В это же самое время в вагонах «румын» разразились жестокие семейные ссоры. Многие из тех, кто работал в дипломатическом корпусе, демобилизовался или дезертировал из АРМИРа, за время пребывания в Румынии успели жениться на румынках. В конце войны почти все предпочли вернуться в Италию, и русские выделили им пассажирский поезд, который должен был доставить их в Одессу, где они собирались пересесть на пароход. Но в Жмеринке они попали в наш товарный эшелон и разделили нашу судьбу, причем не известно, с умыслом это было сделано или по недосмотру. Румынские жены сердились на своих итальянских мужей; они были по горло сыты неожиданностями, приключениями, кочевой жизнью. Теперь они приехали на румынскую территорию, к себе на родину, и хотели здесь остаться. Не слушая никаких возражений, они ругались, плакали, пытались силой вытащить из вагонов своих мужей, сбрасывали на землю чемоданы, хозяйственную утварь, а их испуганные дети громко кричали. Прибежали русские солдаты из конвоя, но ничего не поняли и просто смущенно смотрели.

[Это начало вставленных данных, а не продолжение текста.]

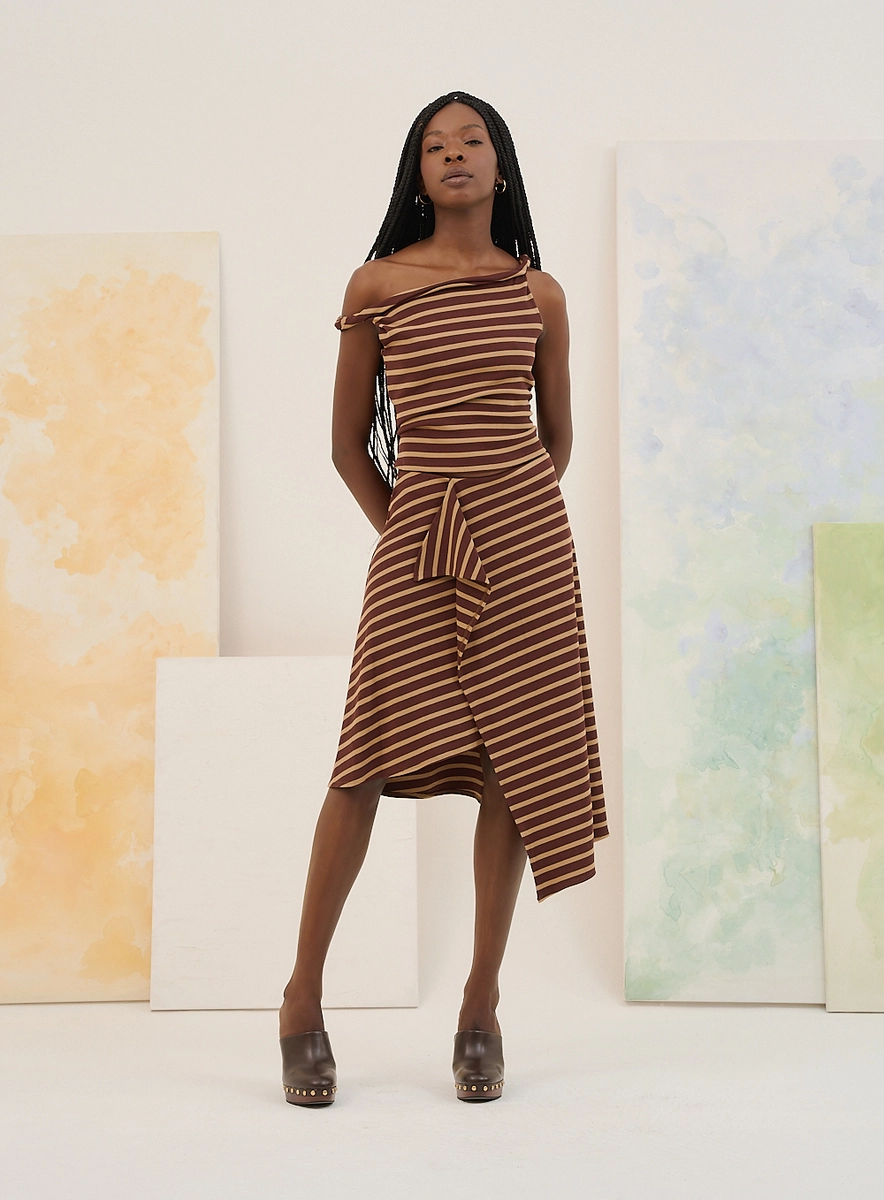 Saia Midi Estampada Com Transpasse Assimétrico Estampados Souisy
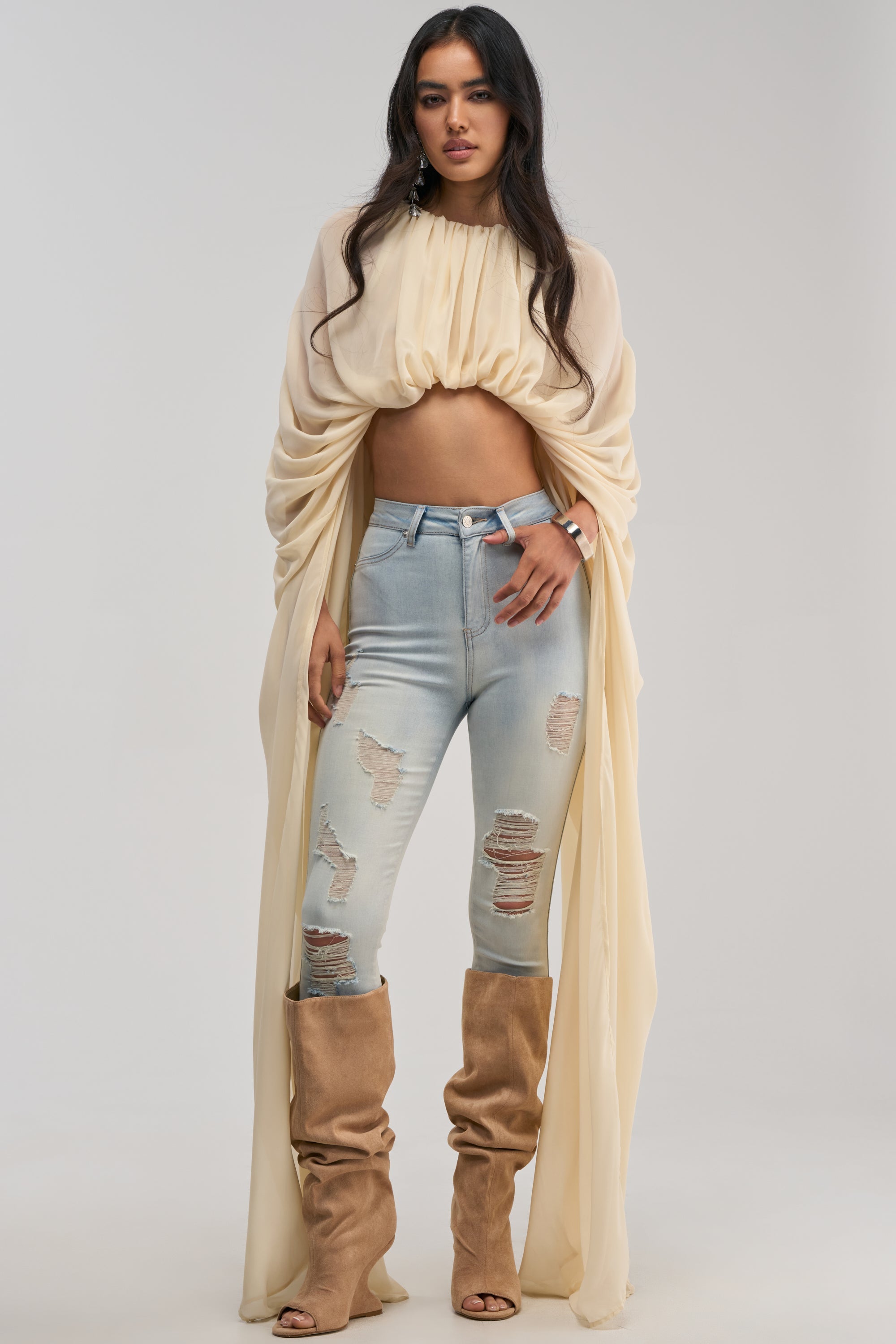 FLEX-FIT EXTREME STRETCH HIGH WAISTED DISTRESSED SKINNY JEANS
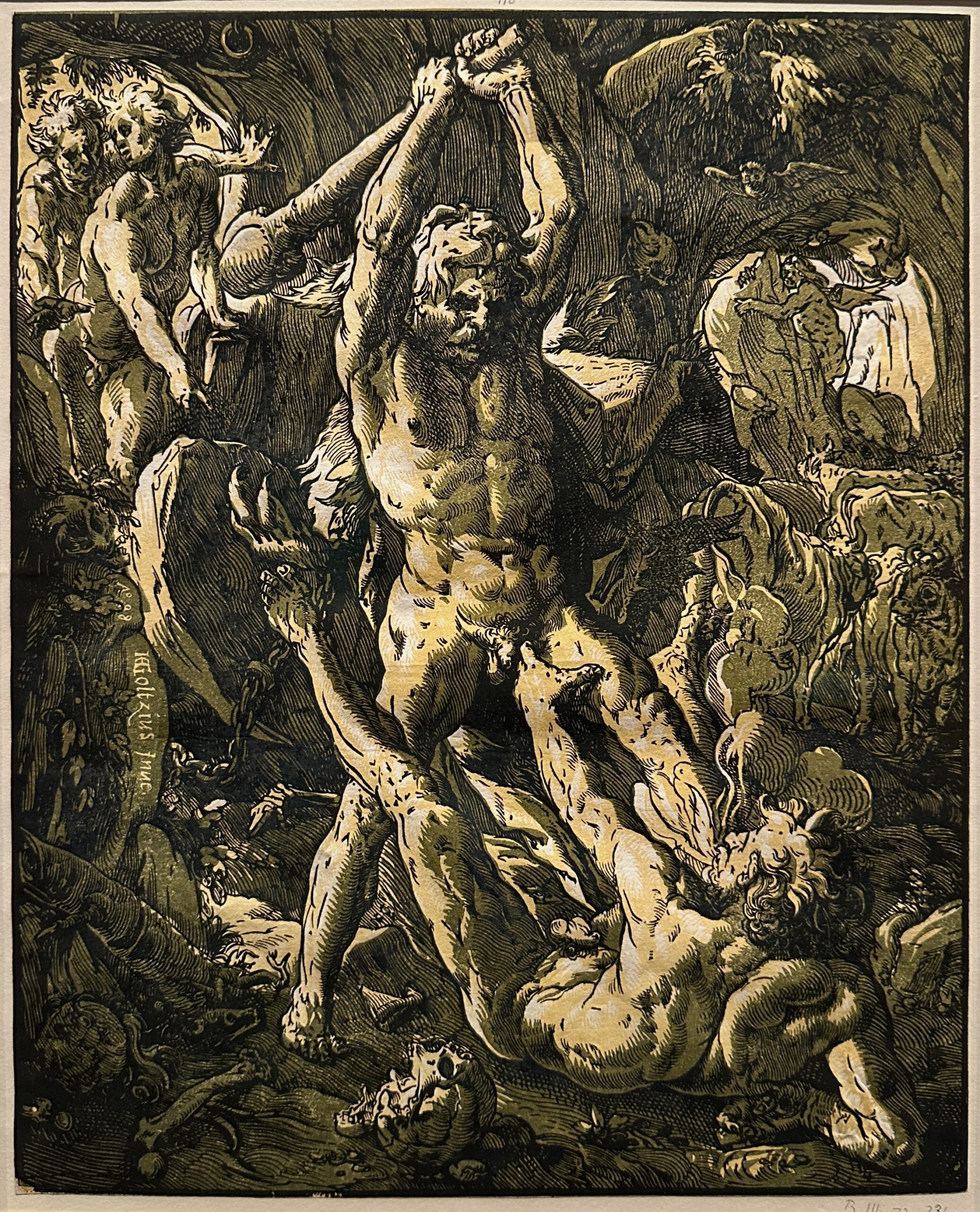 Xilografia chiaroscuro su tre blocchi in verde, giallo e nero su carta. Hendrick Goltzius, Ercole uccide Caco, 1588. Collezione Georg Baselitz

Поскольку стоянка в Яссах грозила продлиться целый день, мы отправились бродить по безлюдным улицам, застроенным низкими домами грязного цвета. Один-единственный трамвай, маленький и древний, курсировал по городу из конца в конец, и кондуктором в нем был еврей, говоривший на идише. С некоторым трудом, но мы смогли понять друг друга. Кондуктор рассказал, что через Яссы уже прошло немало эшелонов с возвращающимися домой иностранцами — французами, англичанами, греками, итальянцами, голландцами, американцами. Были среди них и нуждающиеся в помощи евреи, поэтому здешняя еврейская община организовала центр, который такую помощь оказывает. Если у нас найдется часок-другой свободного времени, он бы посоветовал нам съездить в этот центр, там нас поддержат морально и материально. Его трамвай как раз отправляется, и, если мы в него сядем, он подскажет, где выйти, а о билетах мы можем не беспокоиться, о билетах побеспокоится он сам.

Мы согласились. Мы — это Леонардо, Синьор Унфердорбен и я. Проехав по пустому городу, мы добрались до полуразрушенного здания, окна и двери которого были забиты досками. В одной из темных и пыльных комнат сидели два пожилых еврея, которых трудно было назвать упитанными и здоровыми; выглядели они не намного лучше, чем мы, тем не менее встретили нас очень приветливо, гостеприимно усадили на три имеющихся стула, торопливо рассказали (на идише и по-французски) об ужасных испытаниях, выпавших на их долю, о том, что не многим удалось выжить. Они плакали и смеялись, а когда мы собрались уходить, заставили нас выпить с ними плохо очищенного спирта и подарили для всех евреев эшелона корзину винограда. Порывшись по ящикам и вывернув собственные карманы, они еще и деньгами нас снабдили. Сумма в леях, на первый взгляд астрономическая, после того как мы поделили ее на всех и сопоставили с ценами, оказалась чисто символической.